- The Washington Times - Sunday, April 19, 2015

The top Democrat on the Senate Committee on Foreign Relations on Sunday rejected any notion that he undermined President Obama by joining forces with Republicans last week to force any final Iran nuclear deal to be submitted to Congress.

“No, no, no, not at all,” Sen. Ben Cardin of Maryland told CNN’s “State of the Union.”

Under the deal brokered with Sen. Bob Corker, Tennessee Republican and committee chairman, the administration couldn’t lift any of the sanctions Congress has placed on Iran’s nuclear program until he presents all of the details to Capitol Hill and gives lawmakers a chance to have a say.

If Congress doesn’t act, Mr. Obama can lift the sanctions on his own.

The White House, which earlier had threatened vetoes of bills that might constrain the president, said Mr. Obama could accept the new restraints, saying it doesn’t believe the bill would disrupt the negotiations midstream since it only allows congressional action after the president’s team finishes its work.

Mr. Cardin shepherded Democrats on the committee ahead of the unanimous vote on Tuesday.

‘“We are on path to have much more unity between Congress and the White House,” Mr. Cardin said. “I think the president is in a stronger position now to deliver the type of diplomatic solution that prevents Iran from becoming a nuclear weapons state.”
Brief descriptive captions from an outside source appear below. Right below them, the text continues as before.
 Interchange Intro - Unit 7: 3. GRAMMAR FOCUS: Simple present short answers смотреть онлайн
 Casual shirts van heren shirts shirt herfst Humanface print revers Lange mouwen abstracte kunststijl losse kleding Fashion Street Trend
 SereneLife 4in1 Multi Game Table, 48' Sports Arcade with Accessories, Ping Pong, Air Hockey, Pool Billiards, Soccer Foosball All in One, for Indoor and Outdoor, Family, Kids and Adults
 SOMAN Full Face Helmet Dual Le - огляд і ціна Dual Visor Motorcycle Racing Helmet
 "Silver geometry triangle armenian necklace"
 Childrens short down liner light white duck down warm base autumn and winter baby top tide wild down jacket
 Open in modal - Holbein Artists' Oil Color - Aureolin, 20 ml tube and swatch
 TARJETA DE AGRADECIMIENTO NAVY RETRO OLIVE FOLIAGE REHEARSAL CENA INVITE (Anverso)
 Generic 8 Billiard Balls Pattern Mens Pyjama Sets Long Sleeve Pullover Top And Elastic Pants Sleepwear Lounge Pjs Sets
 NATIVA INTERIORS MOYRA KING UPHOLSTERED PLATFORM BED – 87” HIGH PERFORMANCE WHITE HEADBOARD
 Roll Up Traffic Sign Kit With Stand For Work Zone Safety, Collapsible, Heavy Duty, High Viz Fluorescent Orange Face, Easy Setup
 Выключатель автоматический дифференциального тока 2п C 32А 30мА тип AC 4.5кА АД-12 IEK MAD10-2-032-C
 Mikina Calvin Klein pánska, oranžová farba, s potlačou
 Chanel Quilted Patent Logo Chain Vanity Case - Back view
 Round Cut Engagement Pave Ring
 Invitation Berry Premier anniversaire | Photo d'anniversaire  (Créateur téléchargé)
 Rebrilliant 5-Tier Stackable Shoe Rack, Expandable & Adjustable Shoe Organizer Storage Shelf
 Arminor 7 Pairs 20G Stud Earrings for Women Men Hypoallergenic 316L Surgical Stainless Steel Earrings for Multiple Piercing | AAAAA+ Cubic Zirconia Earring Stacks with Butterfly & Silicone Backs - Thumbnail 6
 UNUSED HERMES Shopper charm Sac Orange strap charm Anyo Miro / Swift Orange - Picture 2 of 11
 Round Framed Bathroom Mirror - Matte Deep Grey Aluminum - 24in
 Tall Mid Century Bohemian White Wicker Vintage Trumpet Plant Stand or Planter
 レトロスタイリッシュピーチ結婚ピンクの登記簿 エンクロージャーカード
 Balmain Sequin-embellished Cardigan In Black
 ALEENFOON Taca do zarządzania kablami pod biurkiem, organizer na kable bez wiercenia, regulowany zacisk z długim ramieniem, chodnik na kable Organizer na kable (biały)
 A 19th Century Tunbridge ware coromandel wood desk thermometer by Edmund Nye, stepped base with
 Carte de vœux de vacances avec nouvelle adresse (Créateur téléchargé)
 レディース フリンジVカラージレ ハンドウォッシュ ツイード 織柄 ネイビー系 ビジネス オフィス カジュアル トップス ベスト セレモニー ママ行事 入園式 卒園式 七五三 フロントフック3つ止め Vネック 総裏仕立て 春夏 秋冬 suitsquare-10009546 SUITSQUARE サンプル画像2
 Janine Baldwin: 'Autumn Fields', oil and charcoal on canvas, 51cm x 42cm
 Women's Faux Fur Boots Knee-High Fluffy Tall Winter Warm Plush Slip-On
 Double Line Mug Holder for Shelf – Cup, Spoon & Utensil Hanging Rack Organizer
Lawmakers have said they aren’t prejudging the deal, which Mr. Obama’s team is still negotiating with Iran as a self-imposed end-of-June deadline approaches for fleshing out details of the framework that all sides agreed to earlier this month.

But Republicans have loudly insisted on having a role in the negotiations, citing mixed message from each side of the negotiations.

“The leadership in Iran is telling their citizens one thing. Our president and others are telling us another,” Mr. Corker told CNN.